Monday, January 13, 2014

Migrate code to support 64-bit in iOS7

As Apple requires all app submissions to use XCode5 with iOS7 SDK after February 1st, 2014, it becomes important to make sure that your codebase is compatible with iOS7 SDK, especially the 64-bit support since the primitive types change from 32 to 64 bits.

This means that NSInteger/NSUInteger are long instead of int.  CGFloat is double, not float.

There are many possible compiler warnings and here are the resolutions.

Case 1: Implicit conversion loses integer precision: 'long' to 'int'

Example:

    NSInteger row = ...;

    int rowWithLineCount = (rows - 1) / 5// compiler warning

Solution:
    NSInteger rowWithLineCount = (rows - 1) / 5 ;

Note: Use NSUInteger if the right hand expression is evaluated to unsigned integer.

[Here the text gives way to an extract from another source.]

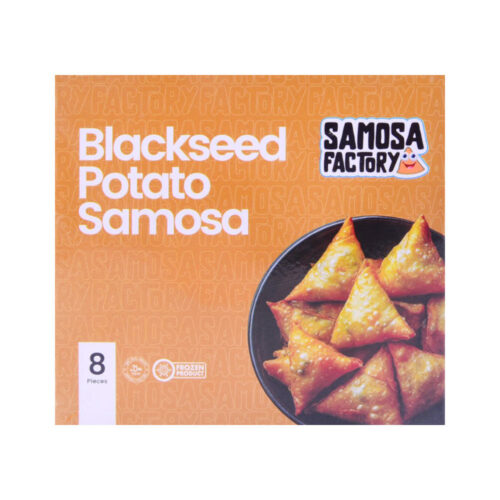 FROZEN FACTORY POTATO SAMOSA 8 PC 240 GM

Case 2: Implicit conversion loses integer precision: 'NSInteger' (aka 'long') to SomeEnum'

Example:

  typedef enum {
    ...
  } SomeEnum;

  NSInteger someValue;
  SomeEnum somefield = someValue; // compiler warning

Solution: Use NS_ENUM

  typedef NS_ENUM(NSInteger, SomeEnum) {
    ...
  };

Case 3: Implicit conversion loses integer precision: 'SomeEnum' (aka 'enum SomeEnum') to int'

Example:

  typedef NS_OPTIONS(NSUInteger, SomeEnum) {
    ...
  }
  SomeEnum somefield;

  NSNumber *number = [NSNumber numberWithInt:self.someField]; // compiler warning

Solution:

  NSNumber *number = [NSNumber numberWithLong:self.someField];

Case 4: Values of type 'NSInteger' should not be used as format arguments; add an explicit cast to 'long' instead

Example:

NSInteger statusCode = ...;

NSLog(@"Failed response code:%d", statusCode); // compiler warning

Solution:

NSLog(@"Failed response code:%ld", (long)statusCode);

Note: This applies to %lu string pattern and (unsigned long) casting for NSUInteger as well.